Editor’s Note: This is one of the Top 15 2020 CBE Writing Contest winners. Enjoy!

I was introduced to the conflict of Paul’s letters during premarital counseling. “Wives, submit to your husband” (Eph. 5:22, Col. 3:18), I was told. “Your husband should lead you in the right direction and protect your spiritual growth.” The burden placed on my husband’s shoulders was emphasized repeatedly, as was my role as cheerleader. “You were designed to be his helper.” While my husband and I were put off by these verses and their application, we soon brushed them off as minor qualms and moved on to more important things like flowers and vows.

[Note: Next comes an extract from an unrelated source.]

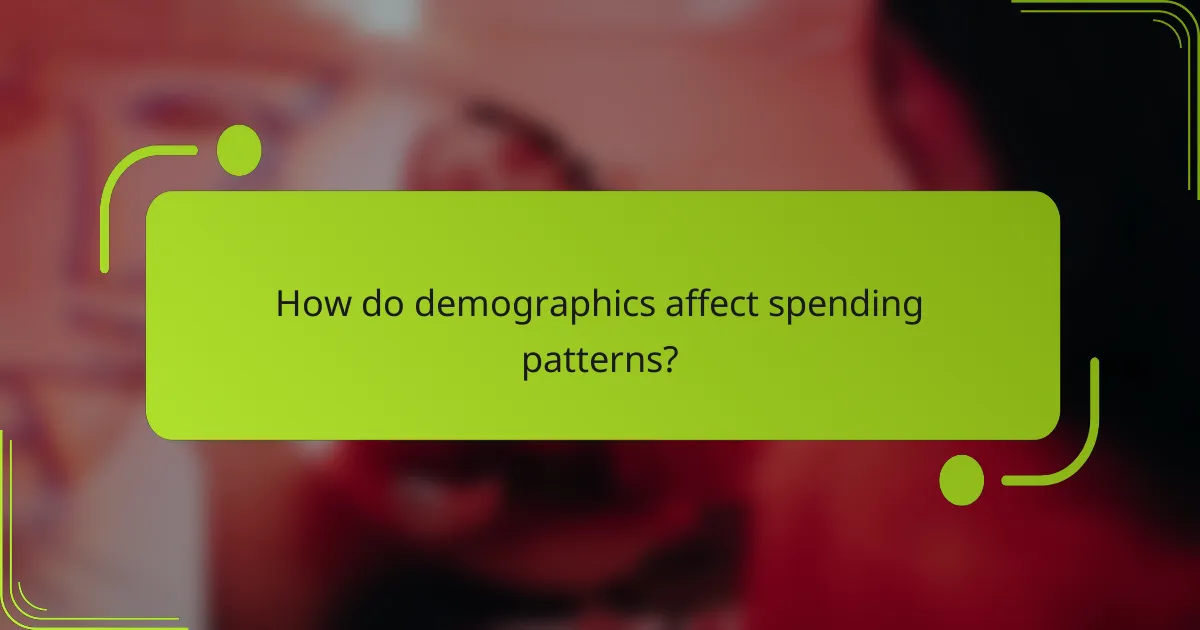 How do demographics affect spending patterns?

As we continued to participate in studies, however, it became evident that our church relied on these gendered roles. The man led the household and, since the church was a family of families, men led the Church. Scripture was thrown at every challenge, reminding women, “the woman was deceived first and became a sinner” (1 Tim. 2:14) and “I do not permit a woman to speak” (1 Tim. 2:12). The weight of these verses pulled at my husband and me. At first, we played along in the hope that we would eventually understand. As time passed, we became more and more fed up with the answers we were given to questions like “is there a biblical definition of masculinity” and “what makes women incapable of guarding their own spiritual wellbeing,” so we set to work trying to prove the opposition wrong. Our faith was fraying at the edges as we were told that God designed women to be “different” (and, consequently, without agency) while our hearts promised a loving creator. We found our church at odds with our experiential reality, and we were determined to find the God who loved their children and not just their sons.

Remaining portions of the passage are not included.